My personal favourite is Shaft Among the Jews, the second in the series. There are more facets to Shaft’s character in this book. The story involving a crooked diamond merchant, an old Israeli diamond-cutter with a secret formula for creating synthetic diamonds on the run with his daughter and Mossad agents trying to track him down is great fun. The first three books – Shaft, Shaft Among the Jews and Shaft’s Big Score! – are all written by Tidyman and are fantastic. The next four become a little more formulaic as Tidyman used ghost writers to help with these, although he made major edits and additions and added his own mark to the text.
5. ‘Shaft’ got ‘rebooted’ in 2000 with Samuel L Jackson as John Shaft and Richard Roundtree reprising his role as now Uncle John Shaft. What were your thoughts on the then updated ‘Shaft’
As movie entertainment it was okay. I quite enjoyed it. I like Samuel L Jackson and I thought John Singleton was a good choice as director, but overall the story lacked the resonance and gritty urban style of Gordon Parks’ original and Tidyman’s novels. I also did not buy into Shaft having an extended family – given that in the books he was an orphan with no siblings. In the latest version they fixed this. I would personally have preferred a continuation of Tidyman/Roundtree’s John Shaft.
6. To follow suit on the previous question ‘Shaft’ was retooled in 2019 with Jackson and Roundtree reprising their roles alongside newcomer Jesse Usher, did you enjoy seeing ‘Shaft’ on the big screen again?
I was so much wanting to like the movie. But it was awful. The film doesn’t work on any level. Turning the franchise into an action comedy is just wrong. Also, having a third generation Shaft at odds with his father and grandfather moves us another step away from Ernest Tidyman’s concept and makes caricatures out of those characters. There was little attention to the plot and the performances of Jackson and Usher, not helped by the script, were one-note and lacked depth. Richard Roundtree added some much needed class, but on the whole it was a massive disappointment.
7. I never knew ‘Shaft’ also had life in comic form, so I had to track an issue down. They are gritty and reminiscent of ‘Shaft’ from the ’70s right?
That’s right. David F Walker managed to persuade Dynamite Entertainment to purchase the literary rights to Shaft in 2014. He had originally planned to adapt Tidyman’s novels as comic books. In the end he produced an excellent prequel to the first book in Shaft: A Complicated Man. This is what New Line should have gone with for the new movie, it would have been a great introduction to the character set in period. The second comic book was Shaft: Imitation of Life. David, like myself, was a fan of the books and wanted to stay true to Tidyman’s vision and did a great job, We got in touch whilst I was writing The World of Shaft and David kindly contributed the Foreword to my book. As well as the comic books, David also wrote a new Shaft novel, Shaft’s Revenge, which is a great tribute to Tidyman.
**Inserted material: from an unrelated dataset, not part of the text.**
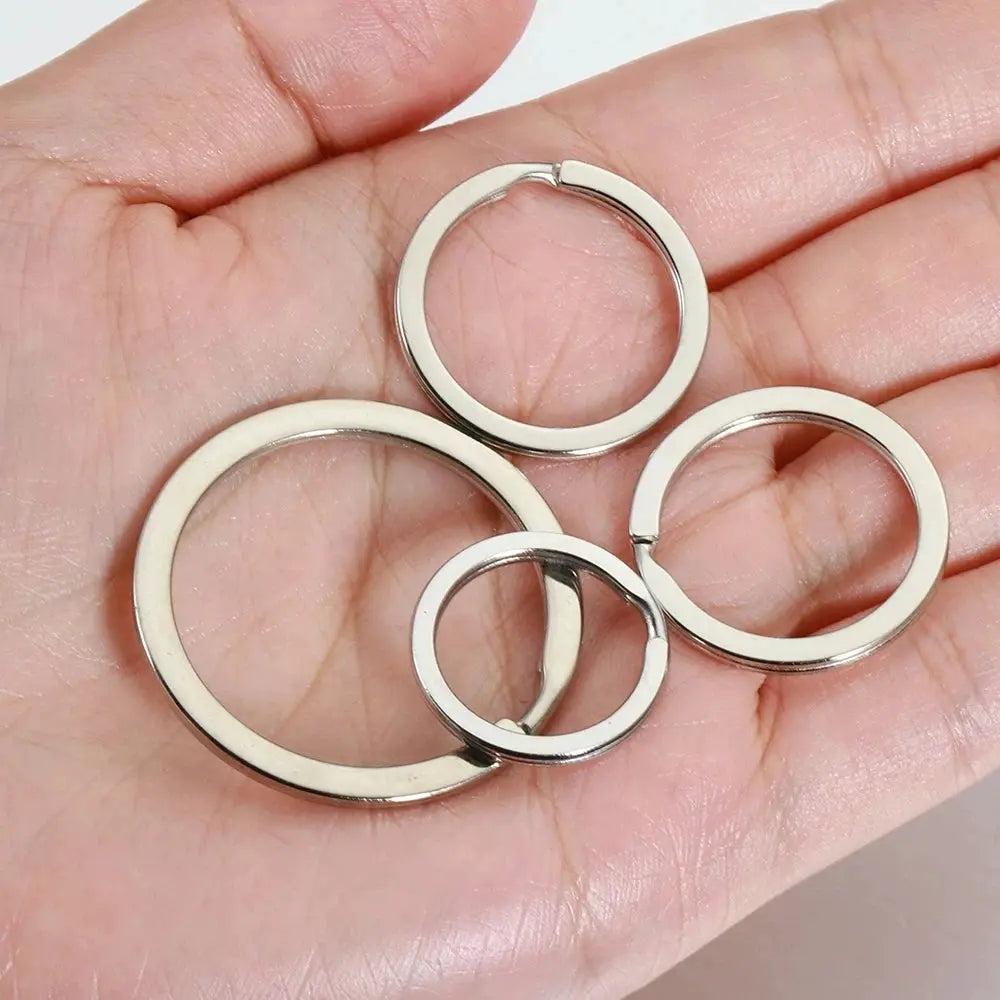 20pcs Stainless Steel Key Rings Set 20mm 25mm 28mm 30mm 35mm Round Split Rings For Jewelry Making And DIY Keychains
8. Would you consider doing another book based on the world of character?
Yes, I have ideas for other books. I’d like to do something on my favourite movie, Rio Bravo or the adaptations of Alexandre Dumas’ The Three Musketeers. Another subject I’d like to take on is the Dirty Harry movies of Clint Eastwood. It’s really trying to find something that excites me and has not been done already. At the moment I’m working on a book about the songs of the rock band Genesis, which should be published next year. In the meantime I have contributed a chapter on the Shaft books to Andrew Nette and Iain McIntyre’s Sticking It to the Man: Revolution and Counterculture in Pulp and Popular Fiction, 1950 to 1980 due out next month. I’d also like to do a second edition of The World of Shaft to tie in with the 50th Anniversary, expanded to include David F Walker’s work and the latest movie.